Video lecture on person identification based on keystroke dynamics
21 July 2016
We have just uploaded a short video lecture about our work on
person identification based on keystroke dynamics.
See our page containing resources related to typing dynamics.
Classification of fMRI data using Dynamic Time Warping based functional connectivity analysis
15 July 2016
We are happy to announce that our recent work titled A model for classification based on the functional connectivity pattern dynamics of the brain
has been accepted for publication in the proceedings of the Third European Network Intelligence Conference (ENIC 2016)
and it will be presented at the conference. See you there!

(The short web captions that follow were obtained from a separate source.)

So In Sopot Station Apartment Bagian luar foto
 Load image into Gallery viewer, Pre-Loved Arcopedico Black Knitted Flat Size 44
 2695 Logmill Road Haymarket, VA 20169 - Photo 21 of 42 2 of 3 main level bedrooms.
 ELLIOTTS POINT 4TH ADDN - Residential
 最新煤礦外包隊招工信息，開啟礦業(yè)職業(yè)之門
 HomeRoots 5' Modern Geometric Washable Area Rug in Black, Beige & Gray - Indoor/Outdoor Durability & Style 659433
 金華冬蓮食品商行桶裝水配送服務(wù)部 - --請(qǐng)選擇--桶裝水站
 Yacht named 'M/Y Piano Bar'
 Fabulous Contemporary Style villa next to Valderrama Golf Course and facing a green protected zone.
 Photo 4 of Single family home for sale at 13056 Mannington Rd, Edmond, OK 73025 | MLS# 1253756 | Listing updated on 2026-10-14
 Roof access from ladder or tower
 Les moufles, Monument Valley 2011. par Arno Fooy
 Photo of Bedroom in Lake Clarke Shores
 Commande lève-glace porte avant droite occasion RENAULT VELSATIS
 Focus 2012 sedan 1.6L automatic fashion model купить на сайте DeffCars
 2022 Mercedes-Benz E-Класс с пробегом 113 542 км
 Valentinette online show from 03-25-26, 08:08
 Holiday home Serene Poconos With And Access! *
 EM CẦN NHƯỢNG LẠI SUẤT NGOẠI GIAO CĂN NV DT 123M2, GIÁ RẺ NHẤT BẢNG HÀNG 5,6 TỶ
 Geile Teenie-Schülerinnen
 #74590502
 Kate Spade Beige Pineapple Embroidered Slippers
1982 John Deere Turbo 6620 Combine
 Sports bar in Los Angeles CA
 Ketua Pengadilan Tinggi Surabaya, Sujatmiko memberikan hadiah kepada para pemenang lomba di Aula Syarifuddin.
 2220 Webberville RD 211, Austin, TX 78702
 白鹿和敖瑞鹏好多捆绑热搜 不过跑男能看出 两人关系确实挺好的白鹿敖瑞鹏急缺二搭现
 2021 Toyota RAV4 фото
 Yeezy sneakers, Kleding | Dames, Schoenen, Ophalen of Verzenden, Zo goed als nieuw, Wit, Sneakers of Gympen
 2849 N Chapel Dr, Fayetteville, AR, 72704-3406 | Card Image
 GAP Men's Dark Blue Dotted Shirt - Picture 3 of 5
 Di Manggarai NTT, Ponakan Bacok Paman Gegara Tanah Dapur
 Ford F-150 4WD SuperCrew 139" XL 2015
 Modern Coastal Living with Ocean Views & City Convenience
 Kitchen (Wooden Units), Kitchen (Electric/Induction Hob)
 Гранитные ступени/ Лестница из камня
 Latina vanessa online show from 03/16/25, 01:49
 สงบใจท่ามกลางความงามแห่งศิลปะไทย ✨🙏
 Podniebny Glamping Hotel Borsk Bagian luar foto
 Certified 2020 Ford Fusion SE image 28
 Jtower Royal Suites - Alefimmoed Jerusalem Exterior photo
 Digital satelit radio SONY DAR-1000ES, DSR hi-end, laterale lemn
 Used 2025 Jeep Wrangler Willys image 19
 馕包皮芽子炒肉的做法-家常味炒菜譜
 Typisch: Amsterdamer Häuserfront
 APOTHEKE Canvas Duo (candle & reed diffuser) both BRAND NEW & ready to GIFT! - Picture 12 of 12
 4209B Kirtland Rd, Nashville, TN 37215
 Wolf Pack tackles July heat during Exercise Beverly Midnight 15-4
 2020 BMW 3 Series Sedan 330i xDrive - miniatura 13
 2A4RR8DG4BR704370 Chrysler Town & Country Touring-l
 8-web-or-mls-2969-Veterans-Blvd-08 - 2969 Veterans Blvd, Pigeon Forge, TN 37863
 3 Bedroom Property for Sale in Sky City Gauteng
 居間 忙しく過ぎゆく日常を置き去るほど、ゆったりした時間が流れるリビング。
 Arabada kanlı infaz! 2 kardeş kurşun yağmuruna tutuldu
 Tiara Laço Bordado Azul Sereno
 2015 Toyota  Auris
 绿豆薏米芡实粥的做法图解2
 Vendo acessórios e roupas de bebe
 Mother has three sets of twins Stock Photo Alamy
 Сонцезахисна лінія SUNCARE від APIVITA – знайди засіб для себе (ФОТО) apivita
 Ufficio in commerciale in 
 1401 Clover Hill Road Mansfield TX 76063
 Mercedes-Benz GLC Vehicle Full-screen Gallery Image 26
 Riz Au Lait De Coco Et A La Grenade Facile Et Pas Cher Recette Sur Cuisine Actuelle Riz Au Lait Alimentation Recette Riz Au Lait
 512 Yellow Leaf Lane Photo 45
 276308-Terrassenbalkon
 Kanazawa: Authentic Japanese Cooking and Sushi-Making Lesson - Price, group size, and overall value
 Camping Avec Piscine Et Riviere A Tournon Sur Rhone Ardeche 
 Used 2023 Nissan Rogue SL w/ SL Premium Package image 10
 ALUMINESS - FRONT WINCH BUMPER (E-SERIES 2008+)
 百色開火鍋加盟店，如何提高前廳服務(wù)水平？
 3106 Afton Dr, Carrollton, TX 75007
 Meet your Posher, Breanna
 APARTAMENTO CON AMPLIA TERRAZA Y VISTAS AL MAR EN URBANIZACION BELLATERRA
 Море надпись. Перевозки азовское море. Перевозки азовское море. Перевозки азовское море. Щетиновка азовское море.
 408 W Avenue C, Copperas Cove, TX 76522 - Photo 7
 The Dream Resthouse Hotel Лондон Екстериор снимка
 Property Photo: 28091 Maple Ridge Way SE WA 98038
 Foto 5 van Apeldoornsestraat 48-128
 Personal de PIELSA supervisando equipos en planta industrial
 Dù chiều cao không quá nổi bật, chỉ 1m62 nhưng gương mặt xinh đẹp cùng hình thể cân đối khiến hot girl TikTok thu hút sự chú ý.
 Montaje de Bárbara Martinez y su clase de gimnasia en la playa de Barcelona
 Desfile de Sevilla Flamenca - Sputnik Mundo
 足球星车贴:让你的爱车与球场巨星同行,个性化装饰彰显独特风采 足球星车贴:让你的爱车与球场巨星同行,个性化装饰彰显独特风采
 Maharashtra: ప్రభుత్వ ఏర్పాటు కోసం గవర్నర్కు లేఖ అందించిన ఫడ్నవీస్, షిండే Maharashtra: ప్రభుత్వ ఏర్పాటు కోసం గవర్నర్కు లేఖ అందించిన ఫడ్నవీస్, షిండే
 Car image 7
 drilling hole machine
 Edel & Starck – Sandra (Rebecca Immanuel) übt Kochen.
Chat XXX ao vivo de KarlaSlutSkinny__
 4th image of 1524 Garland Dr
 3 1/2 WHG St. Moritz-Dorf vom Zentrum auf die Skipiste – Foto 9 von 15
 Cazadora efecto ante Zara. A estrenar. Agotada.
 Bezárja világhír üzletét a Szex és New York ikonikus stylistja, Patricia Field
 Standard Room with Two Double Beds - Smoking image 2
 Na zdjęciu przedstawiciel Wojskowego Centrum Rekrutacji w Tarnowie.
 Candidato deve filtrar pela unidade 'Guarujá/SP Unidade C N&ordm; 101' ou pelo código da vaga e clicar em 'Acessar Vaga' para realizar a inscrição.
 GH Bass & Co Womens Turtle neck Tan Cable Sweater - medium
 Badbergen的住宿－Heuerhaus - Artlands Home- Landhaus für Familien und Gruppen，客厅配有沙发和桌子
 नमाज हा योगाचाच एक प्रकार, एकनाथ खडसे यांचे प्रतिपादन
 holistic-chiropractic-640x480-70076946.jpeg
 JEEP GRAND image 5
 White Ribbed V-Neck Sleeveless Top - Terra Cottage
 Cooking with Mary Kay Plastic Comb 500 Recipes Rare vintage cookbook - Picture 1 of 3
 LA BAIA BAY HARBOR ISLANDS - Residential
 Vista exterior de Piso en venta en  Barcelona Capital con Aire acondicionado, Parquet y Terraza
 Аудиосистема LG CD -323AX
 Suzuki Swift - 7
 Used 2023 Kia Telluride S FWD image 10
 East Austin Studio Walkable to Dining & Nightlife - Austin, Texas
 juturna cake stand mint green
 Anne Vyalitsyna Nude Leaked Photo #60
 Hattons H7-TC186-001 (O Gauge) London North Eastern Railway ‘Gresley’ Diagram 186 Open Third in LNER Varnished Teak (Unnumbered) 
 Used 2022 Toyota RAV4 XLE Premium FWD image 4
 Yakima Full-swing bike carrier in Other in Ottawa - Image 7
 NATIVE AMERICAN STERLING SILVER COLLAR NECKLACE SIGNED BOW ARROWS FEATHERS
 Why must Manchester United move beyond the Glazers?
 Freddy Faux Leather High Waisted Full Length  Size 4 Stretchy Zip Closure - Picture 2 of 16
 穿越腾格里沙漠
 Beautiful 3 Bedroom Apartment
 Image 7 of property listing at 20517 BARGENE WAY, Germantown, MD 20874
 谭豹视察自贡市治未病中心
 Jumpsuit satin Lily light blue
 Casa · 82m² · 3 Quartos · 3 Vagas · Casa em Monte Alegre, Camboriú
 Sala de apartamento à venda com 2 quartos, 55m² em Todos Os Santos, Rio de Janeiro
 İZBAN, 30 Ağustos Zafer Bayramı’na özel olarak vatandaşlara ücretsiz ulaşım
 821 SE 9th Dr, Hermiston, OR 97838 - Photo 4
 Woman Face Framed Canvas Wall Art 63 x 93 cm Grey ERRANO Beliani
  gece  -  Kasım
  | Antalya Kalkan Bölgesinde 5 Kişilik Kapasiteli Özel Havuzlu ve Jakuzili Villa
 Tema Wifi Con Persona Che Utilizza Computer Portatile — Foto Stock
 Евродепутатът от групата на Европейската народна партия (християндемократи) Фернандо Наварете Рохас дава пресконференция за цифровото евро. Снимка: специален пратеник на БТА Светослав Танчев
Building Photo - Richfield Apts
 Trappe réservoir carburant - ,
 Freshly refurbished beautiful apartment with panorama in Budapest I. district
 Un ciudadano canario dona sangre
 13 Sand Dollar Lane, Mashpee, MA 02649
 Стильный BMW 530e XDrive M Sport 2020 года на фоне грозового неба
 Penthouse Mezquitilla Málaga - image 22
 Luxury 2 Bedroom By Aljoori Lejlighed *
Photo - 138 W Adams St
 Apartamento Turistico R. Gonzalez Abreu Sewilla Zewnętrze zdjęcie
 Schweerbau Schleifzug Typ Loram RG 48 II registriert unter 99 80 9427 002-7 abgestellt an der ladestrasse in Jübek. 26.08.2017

Challenge - person identification based on keystroke dynamics
10 June 2016
We are happy to announce an open challenge on person identification based on keystroke dynamics! Person identification is essential in various online services such as banking or online exams. Typing dynamics is a simple biometrics that allows user identification. In order to successfully apply user identification based on keystroke dynamics, machine learning is required. In order to encourage research in this important domain, we announce an open challenge.
Collaboration with researchers of the Babes-Bolyai University
10 June 2016
Together with researchers from the Babes-Bolyai University in Cluj Napoca, we aim to explore how community detection techniques can be used to find communities of brain regions. We analyse the community structure under various conditions, such as different phenotypes, presence or absence of a disease, addiction, etc. On the long term, such an analysis may contribute to better understanding the phenomena and mechanisms underlying various diseases and phenotypes. First results of this collaboration will be presented at the 14th International Conference on Parallel Problem Solving from Nature and they will appear in the proceedings of the conference.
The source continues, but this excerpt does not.